Despite this still being a relatively new market in Australia, North Queensland businesses are at the forefront of such developments, with Townsville investors making up 25 of the 30 Evolution Financial clients who provided $3.5 million of investment capital for Brisbane based company XPotential Technologies. The company, which uses AI and digital data to modernise marketing and customer experience for its clientele, will list on the ASX in November and is set to provide extraordinary returns for those local investors. 

 “In the past 12 months XPonential Technologies has grown recurring revenue by well over 100%, has offices in Brisbane, London and Vietnam, and has been valued at around $60 million for when it lists on the ASX in November,” explains Brad. 

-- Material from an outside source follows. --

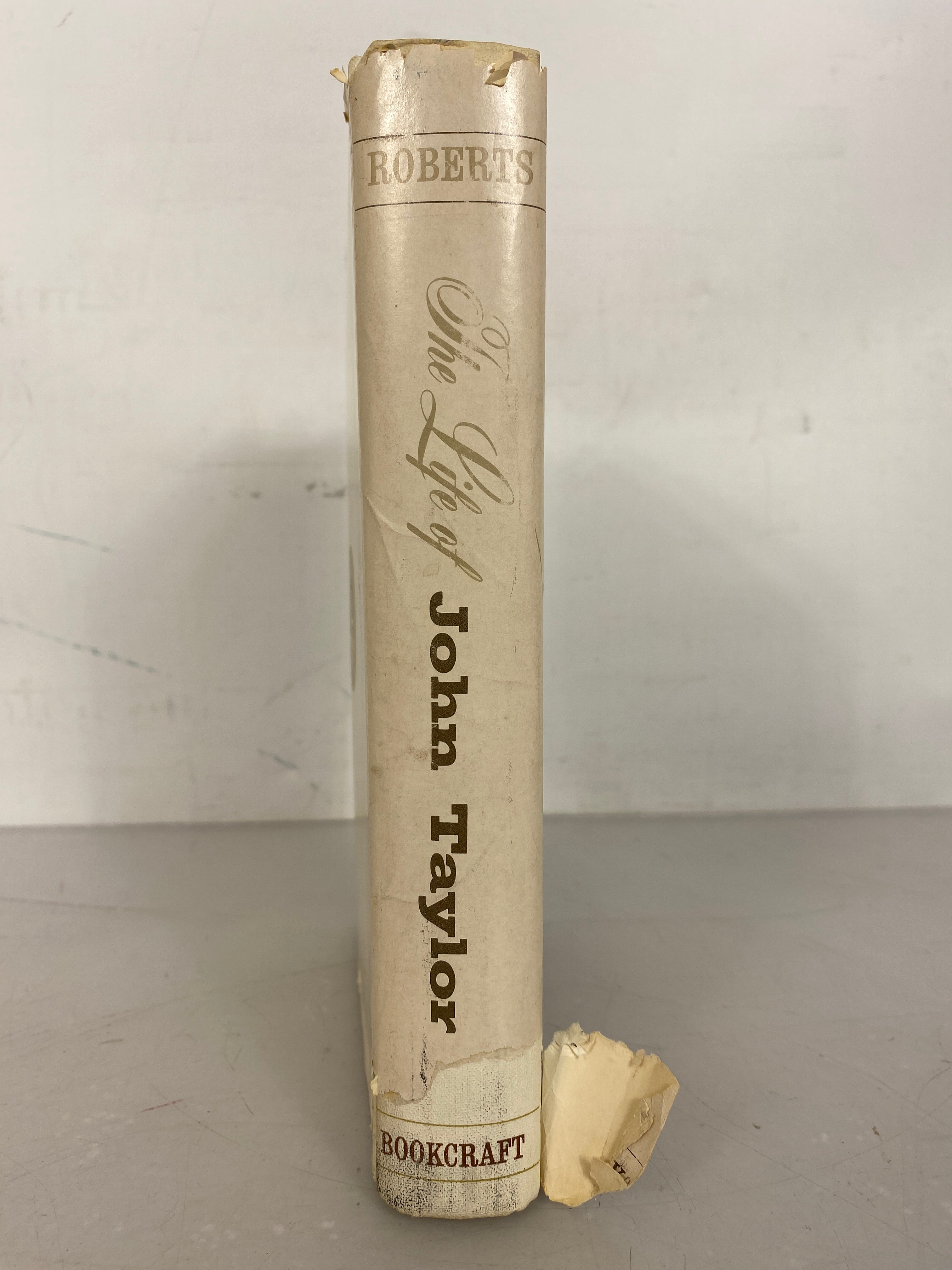 The Life of John Taylor by B.H. Roberts 1963 HC DJ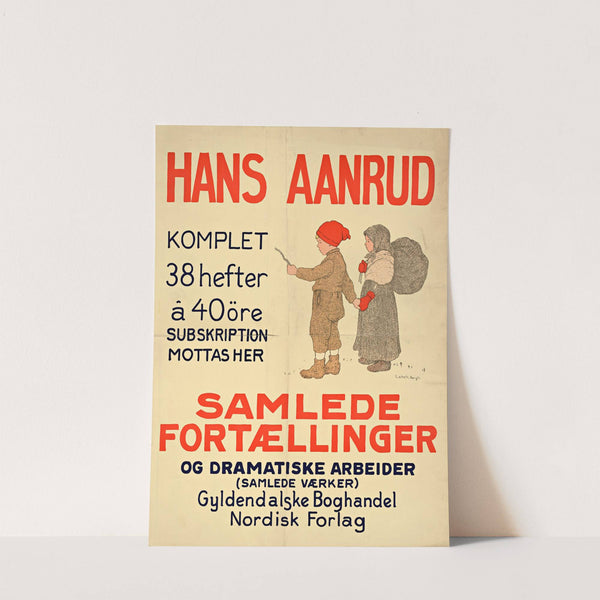 Hans Aanrud; Samlede fortællinger og dramatiske arbeider (Samlede værker) by Lisbeth Bergh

“Our local economy has been hit hard over the past decade and this investment provides a new avenue for North Queensland investors to regain lost capital from events such as the financial collapse of Storm and low property market growth, and then reinvest those profits back into the region to benefit all.” 

While startup investing is economically lucrative, Intellectual Property Lawyer and founder of the local investor network NQ Angels, Donna Patane, says the space also enables investors to play a key role in guaranteeing the future of the region is bright and integrated with technology and innovation.

“Investors can be directly involved in markets or solutions they care about; startups aren’t banks and they don’t build apartments, rather they are solving specific real-world problems with cool intellectual property and investors get a front row seat to that,” says Donna. 

 “They also offer more flexibility since the investment lifecycle starts with smaller stages and cash can be exchanged for shares, preference shares, options or convertible notes.” 

Over the next five years, startup investing is set to enter the fold of mainstream venture financing which Donna says will be the key to supporting the region’s best talent and ensuring equity, revenues and jobs remain local and not lost abroad.

“The regional startup ecosystem has been slowly building over the past decade and it’s getting to the point where there is a basic understanding of the processes and the lingo, and now talented people with ideas and experience are coming together to connect and share and learn,” she continues. 

 “Our local success stories really confirm that big businesses can be born in regional towns and ought to serve to build confidence.” 

 Donna says education is crucial to minimise risk and enable an early-stage business to succeed. She advises potential investors to connect with the local startup ecosystem for advice and guidance on weighing up the risks associated with this form of investment.

 “While early stage investors can make a huge return as the startup gets traction and momentum, not every startup makes it, so choosing carefully is key and even then, a well spread portfolio is likely to have some non-performers,” she says.

“There are support networks available in North Queensland that are designed specifically to help provide that advice, education and bridge the gap between potential investors and startups.” 

By Georgie Desailly. 

Thinking about investing in a startup? Here’s some tips to get you started! 

  1. Connect with the local startup ecosystem so you have your finger on the pulse.
  2. Take it slow, see a lot of pitches and meet a lot of founders in a variety of industries.
  3. Keep an open mind, look for high growth potential through a clear path with a great founder.
  4. Set boundaries on the cash and time you have and your ideal investment size and number.
  5. Share the load, invest in groups across various startups to spread risk and always do due diligence.